We study the problem of training a principal in a multi-agent general-sum game using reinforcement learning (RL). Learning a robust principal policy requires anticipating the worst possible strategic responses of other agents, which is generally NP-hard. However, we show that no-regret dynamics can identify these worst-case responses in poly-time in smooth games. We propose a framework that uses this policy evaluation method for efficiently learning a robust principal policy using RL. This framework can be extended to provide robustness to boundedly rational agents too.
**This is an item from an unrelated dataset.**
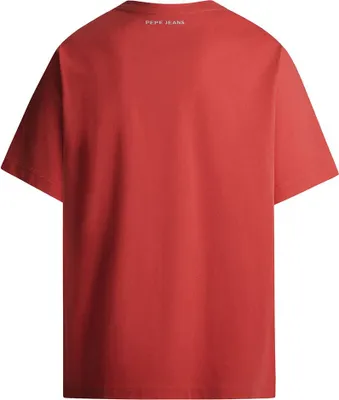 Image de T-shirt à manches courtes Red Bull Racing Logo Driver, rouge, taille S, homme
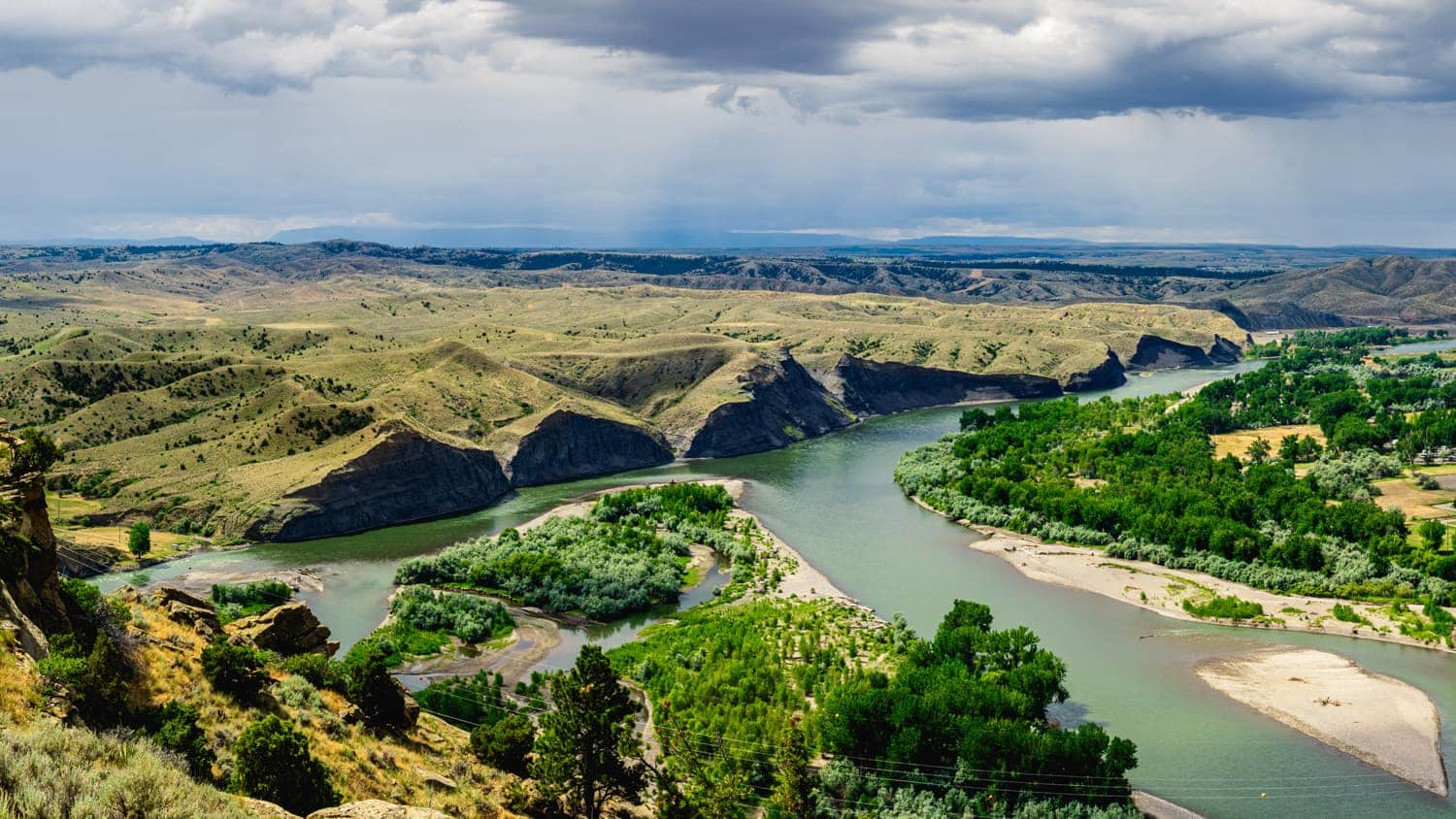 Yellowstone River in Billings, Montana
Our motivating application is automated mechanism design: we empirically demonstrate our framework learns robust mechanisms in both matrix games and complex spatiotemporal games 1 . In particular, we learn a dynamic tax policy that improves the welfare of a simulated trade-and-barter economy by 15%, even when facing previously unseen boundedly rational RL taxpayers. We study the problem of learning a principal policy in a general-sum game against boundedly rational agents. Learning a robust principal policy requires us to anticipate how these agents may respond to our policy choices, and entails two important challenges (Figure 1 ). First, the policies we choose induce a sub-game between the other agents, a subgame which may have infinite equilibria. The policy we choose should perform well regardless of which equilibria the agents respond with. Second, principal policies that perform well against rational agents may not generalize to boundedly rational agents, even if they are only infinitesimally irrational (Pita et al. 2010) . Our policy should perform well even if agents act boundedly rational. We introduce a framework for the reinforcement learning of robust principal policies that address these two challenges. This framework evaluates a potential policy by identifying the worst-case coarse-correlated equilibrium (CCE) of the subgame the policy induces. Although identifying worst-case CCE is generally computationally intractable (Papadimitriou and Roughgarden 2008; Barman and Ligett 2015), we prove that worst-case CCE can efficiently learned in smooth games.